Category Archives: Life thoughts

Inspiration

 

Teaching is not for the faint of heart.

 

“Here’s to the crazy ones.
The misfits.
The rebels.
The troublemakers.
The round pegs in the square holes.
The ones who see things differently.
They’re not fond of rules.
And they have no respect for the status quo.
You can quote them, disagree with them, glorify or vilify them.
About the only thing you can’t do is ignore them.
Because they change things.
They push the human race forward.
And while some may see them as the crazy ones, we see genius.
Because the people who are crazy enough to think they can change the world,
are the ones who do.”

~ Apple Computer (just an ad, but still pretty inspiring)
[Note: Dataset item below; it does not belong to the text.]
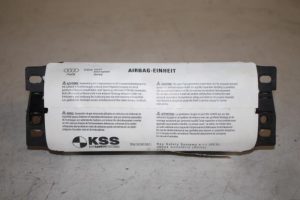 17830136 – 8T0880204F – Airbag rechts (Dashboard)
This arrived in my email today courtesy of Lynn Scheurell (Creative Catalyst) and it got me thinking about how to impart the knowledge I am required to teach while honoring differences (both biological, and emotional), preventing bullying, raising self-esteem, respecting differences, differentiating curriculum and staying energized.  Teaching is a difficult job!  It isn’t like any other.  We can’t just show up, sit in a cubical, work for 8 hours and leave.  We can’t just serve people food, help them select clothing or sell them products. We are responsible.   We are responsible for educating the whole child, physical and emotional, intellectual and artistic.  We are substitute parents when they fall down or feel sad.  We are guides through the maze of often confusing State and Federal required curriculum.  Our job has no defined hours and often continues on nights and weekends.  Our pay is attached to hours, but our hearts demand more of us and our minds are constantly thinking of our students.  A simple trip to the Dollar Tree becomes a shopping trip for classroom materials, and looking a books on Amazon is dangerous!  I have no control or willpower when it comes to my classroom.  Ideas jump in my head and won’t leave until I have satisfied them with new materials or a new lesson.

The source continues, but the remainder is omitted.